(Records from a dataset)
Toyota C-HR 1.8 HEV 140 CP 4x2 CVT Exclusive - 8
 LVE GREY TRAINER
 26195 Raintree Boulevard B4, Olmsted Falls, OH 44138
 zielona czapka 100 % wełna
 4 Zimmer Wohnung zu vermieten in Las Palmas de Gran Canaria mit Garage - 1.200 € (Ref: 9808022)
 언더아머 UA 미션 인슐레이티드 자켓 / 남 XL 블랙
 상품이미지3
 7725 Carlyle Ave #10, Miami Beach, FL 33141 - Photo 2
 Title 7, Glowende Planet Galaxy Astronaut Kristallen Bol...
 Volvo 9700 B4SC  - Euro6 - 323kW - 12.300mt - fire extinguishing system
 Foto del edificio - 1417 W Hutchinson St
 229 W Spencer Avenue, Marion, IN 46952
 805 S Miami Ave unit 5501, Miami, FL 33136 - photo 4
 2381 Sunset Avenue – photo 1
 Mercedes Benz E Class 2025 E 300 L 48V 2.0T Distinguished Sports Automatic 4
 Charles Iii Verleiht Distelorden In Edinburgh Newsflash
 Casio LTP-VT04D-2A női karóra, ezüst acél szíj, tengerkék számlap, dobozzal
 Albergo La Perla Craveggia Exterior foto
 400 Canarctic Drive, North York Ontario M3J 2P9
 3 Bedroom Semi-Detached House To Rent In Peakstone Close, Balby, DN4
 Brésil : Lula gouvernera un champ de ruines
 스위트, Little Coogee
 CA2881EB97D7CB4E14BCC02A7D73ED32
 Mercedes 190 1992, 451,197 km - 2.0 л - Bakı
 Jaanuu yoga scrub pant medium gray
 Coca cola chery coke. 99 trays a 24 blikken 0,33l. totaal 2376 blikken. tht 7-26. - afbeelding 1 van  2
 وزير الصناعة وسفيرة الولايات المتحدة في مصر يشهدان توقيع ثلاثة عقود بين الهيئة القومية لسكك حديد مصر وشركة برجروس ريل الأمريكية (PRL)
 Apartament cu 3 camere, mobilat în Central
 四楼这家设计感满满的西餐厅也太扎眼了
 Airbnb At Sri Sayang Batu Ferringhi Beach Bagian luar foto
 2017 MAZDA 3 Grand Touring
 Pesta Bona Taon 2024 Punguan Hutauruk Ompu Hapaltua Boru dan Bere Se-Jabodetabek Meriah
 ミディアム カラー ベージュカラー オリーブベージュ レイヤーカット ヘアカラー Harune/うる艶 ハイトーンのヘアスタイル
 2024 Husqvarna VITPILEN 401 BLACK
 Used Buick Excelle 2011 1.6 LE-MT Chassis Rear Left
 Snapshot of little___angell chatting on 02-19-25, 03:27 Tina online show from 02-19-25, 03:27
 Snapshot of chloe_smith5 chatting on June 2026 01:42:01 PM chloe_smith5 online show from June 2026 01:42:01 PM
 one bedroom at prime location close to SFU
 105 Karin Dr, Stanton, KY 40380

Your goal: Nothing but the lines from the beginning of the records through the line with "2381 Sunset Avenue – photo 1" should appear, each printed exactly.

Solved exercise:
Toyota C-HR 1.8 HEV 140 CP 4x2 CVT Exclusive - 8
 LVE GREY TRAINER
 26195 Raintree Boulevard B4, Olmsted Falls, OH 44138
 zielona czapka 100 % wełna
 4 Zimmer Wohnung zu vermieten in Las Palmas de Gran Canaria mit Garage - 1.200 € (Ref: 9808022)
 언더아머 UA 미션 인슐레이티드 자켓 / 남 XL 블랙
 상품이미지3
 7725 Carlyle Ave #10, Miami Beach, FL 33141 - Photo 2
 Title 7, Glowende Planet Galaxy Astronaut Kristallen Bol...
 Volvo 9700 B4SC  - Euro6 - 323kW - 12.300mt - fire extinguishing system
 Foto del edificio - 1417 W Hutchinson St
 229 W Spencer Avenue, Marion, IN 46952
 805 S Miami Ave unit 5501, Miami, FL 33136 - photo 4
 2381 Sunset Avenue – photo 1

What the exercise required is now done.